The point is, that all ESCs get programmed by the remote on every startup with an initialize sequence.
So (depending of the manufacturer) it first reads full reverse then brake then full forward, or uses forward > reverse and the neutral position is going to be calculated by the ESC itself etc.
SO the first step is to find out what startup sequence your ESC needs, because if you dont initialize it, it wont work^^
What i did is write a script that does different combinations of fwrd/bckwrd/brk and holds that for 500ms and i tested that till i heard a confirmation bleep and saw a green light.
The STARTUP SEQUENCE that worked with mine is:
- full forward -- 500ms
- full backward -- 500ms
- mid position -- 500ms
After that sequence it made beep and was ready to go.
The next potential problem are ESCs that have a break function.
That means that if you are on <<forward>>, no matter how much power, and go into <<reverse>>, the ESC brakes without going reverse.
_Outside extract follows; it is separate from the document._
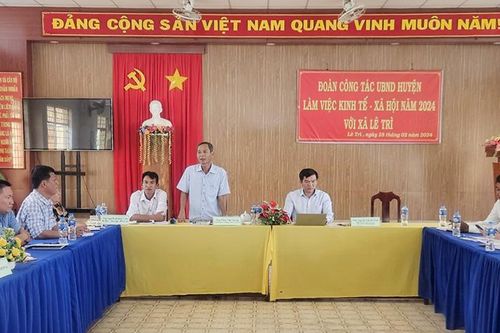 Tháo gỡ khó khăn cho xã Lê Trì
So you need to release gas on the transmitter, let it go to zero and THEN you are "allowed" to drive backwards.
If you want to use it as a simple timelapse slider it might be irrelevant cause you won´t go forward reverse in a timelapse.
Or would you ?
Then you gotta buy the ABSOLUT CHEAPEST ESC available with no extra nothing whasoever functions.
Step 5: ARDUINO CODE
It doesn't really make sense to post my code because you might use different pins and different hardware anyway, so heres a walkthrough what to do:
First, download and install the servo.h library.
Also in the script, don't forget to include the library by calling #include at the beginning of your script.
To make it a timelapse slider you can for example use analogRead() to read a pot connected to an analog pin.
The analog INs use 10BIT A/D conversion, thats 1024 steps.
The servos read 0-180 degrees.
The intervall uses milliseconds vs 1024 steps of the pots.
You convert that by calling the "map" function.
Lets assume it's about the variable "time" so the code would look like:
time = map(time, 0, 1023, 1000, 10000); // so whatever value between 0-1023 "time" had before, it gets converted to a value where 0 represents 1 seconds and 180 represent 10 seconds
So we start with:
Servo zaxis; // that defines the variable "zaxis" as a Servo using the library
int pos = 90; // defines the variable "pos", makes it an integer, which means no decimals,
// That variable will tell the servo its default position at startup, can be a number from 0-180
a timelapse with 5 seconds delay for 180 degree would look like:
for(pos = 0; pos <= 180; pos +=1) // increments the variable pos until it reaches 180
delay(time); // thats our delay variable aka pot
Easy as that.
If this would be an ESC, all you got to do is, keep in mind that the degrees mean forward speed/backwards speed in this case.
Lets assume the motor servo object is called "motorspeed", then the script would look like
motorspeed.write(70); //m70 of 90 available degrees in forward speed, 70/90*100= 77,8 per cent power.
delay(200); // how long the motor holds the above speed, in milliseconds
motorspeed.write(0); // stop the motor.
delay(time); // wait for the rest of the time
Of course you need an END button to make it stop :)
I never did this and its also not implemented in my code. Timelapse takes so long and is so predictible that i never felt the need for that.
On the other hand, if you want to make it on remote locations or timed by another device, to start at four in the morning you would want a way to stop it once it reaches the end of the track.